During the second session, on November 8th, 1963, a document entitled De Catholicorum habitudine ad non christianos et maxime ad Judaeos (Text B) was distributed as a part of chapter 4 of De Oecumenismo. The text was brief and highlighted topics which were previously discussed during the meeting held by Bea with Jewish leaders: the unique place of Judaism among other religions, Jewish roots of Christianity and Jewishness of the Virgin Mary and Apostles. Moreover, it rejected the Jewish responsibility for deicide and the view that they are cursed by God.[56] Unfortunately, it was not discussed as such during the session; howeverreferences were made to it during the discussion of the three first chapters of De Oecumenismo and while presenting the general report, Cardinal Cicognani made positive comments on the love of the Holy Scriptures uniting Jews and Christians.

Even though Cardinal Bea said repeatedly that the approach of the text is purely religious,[57] bishops coming from the Middle East saw the text as inopportune and threatening for the situation of the Christian minority in the Arab countries.[58] Other bishops found that the text should include also other religions that surround Christians in Asia and Africa – such as Islam, Buddhism, Confucianism etc.[59] There was also a group of Conciliar Fathers and scholars who were not convinced that there is a need of a separate text on Jews, even though they had a positive attitude towards Jews and Judaism.[60] In addition, there were also those Council participants who simply opposed, and finally those who preferred an independent text on the Jews and regretted that relevant chapters were not discussed. Nevertheless, the Conciliar Fathers had the opportunity to submit their written remarks concerning chapter 4 and chapter 5 that were not discussed.[61] The careful proceeding with the text resulted to a great extent from the diplomatic protests stemming from political tensions in the Middle East (Arab-Israeli conflict) and theological critique which even if pronounced by the minority, was considered in a serious manner. It is known from the correspondence between Bea and Heschel[62] that the latter was aware of the negative trends that started to unfold. Moreover, he had some critical remarks on the iteration of the text. At the request of AJC, he went to Rome in late November 1963 where, due to the pressure from conservative and Arab circles, he was not received by Bea but by his secretary, Msgr. Willebrands, who promised to convey Heschel’s perspective to Cardinal Bea and the SCUF.[63] Following the meeting with Willebrands, Heschel met also with Cardinal Meyer of Chicago as well as with Protestant observers to the Council in order to present his views and gain their support in which he succeeded.


Second Intersession

After the end of the second session, on December 7th, Pope Paul VI announced his pilgrimage to the Holy Land “in order to venerate personally the holy places where Christ was born, lived, died, and ascended into heaven after his resurrection” and “to beg for divine mercy in favor of peace among mankind… to plead with the Lord Christ for the salvation of all humanity”. [64] The pilgrimage was planned for January 1964 and had also ecumenical goals such as seeking reconciliation with the Orthodox Church and meeting with the Patriarch of Constantinople, Athenagoras, upon his own initiative. The visit was to be completely apolitical and in order to avoid any political implications, the Pope landed in Jordan and when addressing king Hussein of Jordan and Zalman Shazar, the president of Israel, he underlined the spiritual character of his pilgrimage.[65] In Bethlehem, on January 6th, the Pope delivered a homily in which he addressed all those believing in one God and spoke about “smoothing the path towards dialogue” with other Christian denominations.[66] Regarding the Catholic-Jewish and Vatican-Israel relations, the pilgrimage did not seem to bring any changes.[67]

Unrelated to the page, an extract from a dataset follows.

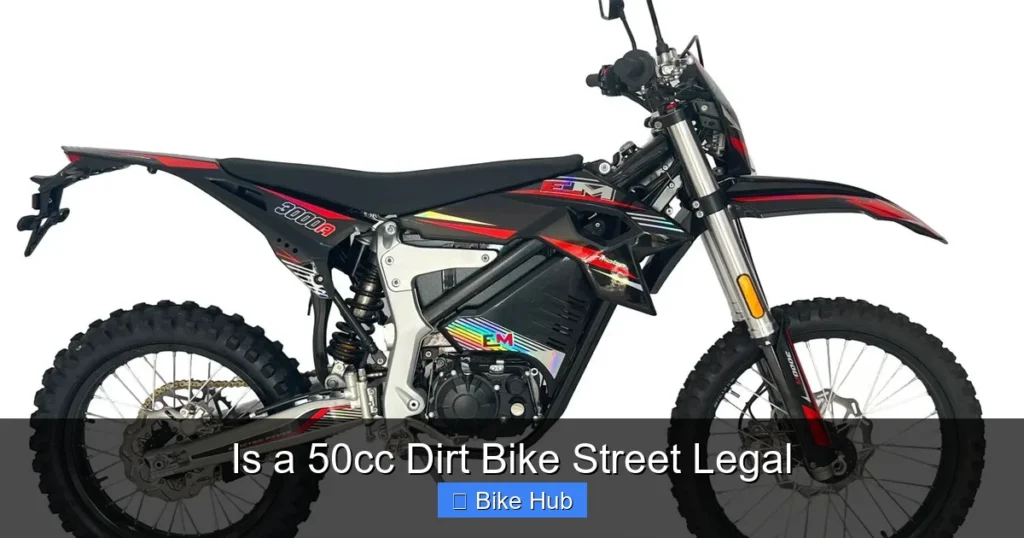 Is a 50cc Dirt Bike Street Legal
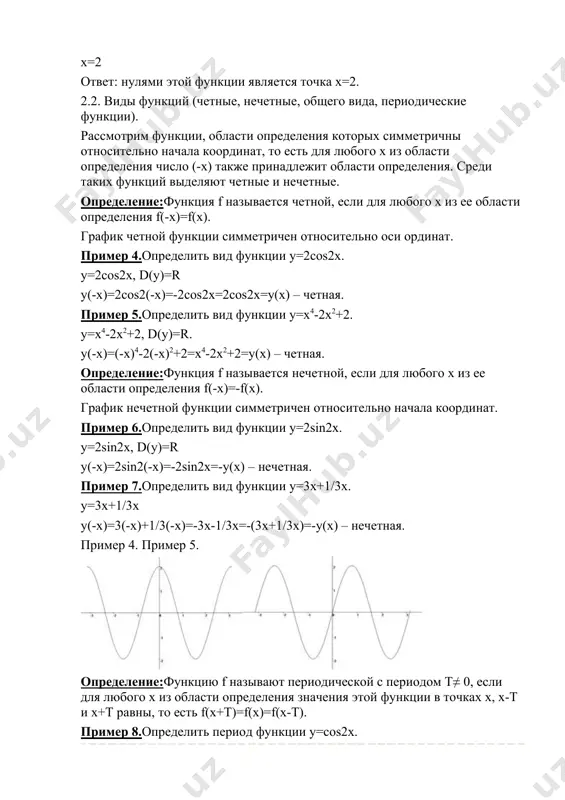з ее области определения f(-x)=f(x). график четной функции симметричен относительно оси ординат. пример 4.определить вид функции y=2cos2x. y=2cos2x, d(y)=r y(-x)=2cos2(-x)=-2cos2x=2cos2x=y(x) – четная. пример 5.определить вид функции y=x4-2x2+2. y=x4-2x2+2, d(y)=r. y(-x)=(-x)4-2(-x)2+2=x4-2x2+2=y(x) – четная. определение:функция f называется нечетной, если для любого х из ее области определения f(-x)=-f(x). график нечетной функции симметричен относительно начала координат. пример 6.определить вид функции y=2sin2x. y=2sin2x, d(y)=r y(-x)=2sin2(-x)=-2sin2x=-y(x) – нечетная. пример 7.определить вид функции y=3x+1/3x. y=3x+1/3x y(-x)=3(-x)+1/3(-x)=-3x-1/3x=-(3x+1/3x)=-y(x) – нечетная. пример 4. пример 5. определение:функцию f называют периодической с периодом т≠ 0, если для любого х из области определения значения этой функции в точках х, х-т и х+т равны, то есть f(x+t)=f(x)=f(x-t). пример 8.определить период функции y=cos2x. cos2x=cos2(x+t)=cos(2x+2t), где2t=2π, т.е. т=π. для построения графика периодической функции с периодом т достаточно провести построение на отрезке длиной т и затем полученный график параллельно перенести на расстояния nt вправо и влево вдоль оси ох. пример 9.построить график периодической функции f(x)=sin2x. f(x)=sin2x, sin2x=sin2(x+t)=sin(2x+2t), …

The second intersession, inaugurated with the pope’s pilgrimage to the Holy Land, was a period of intense work on the text on Jews. The SCUF was granted freedom of decision as to the form of the text -- whether it ought to be preserved as a part of the schema on ecumenism or constitute an independent declaration. During the plenary meeting held in late February and early March 1964, the SCUF decided to maintain the text on Jews, given its objective importance, and to relocate it to the appendix to the schema on ecumenism. In addition, this version of the text (Text C) took into consideration remarks of the Conciliar Fathers. It was submitted to the Coordination Commission on April 16th.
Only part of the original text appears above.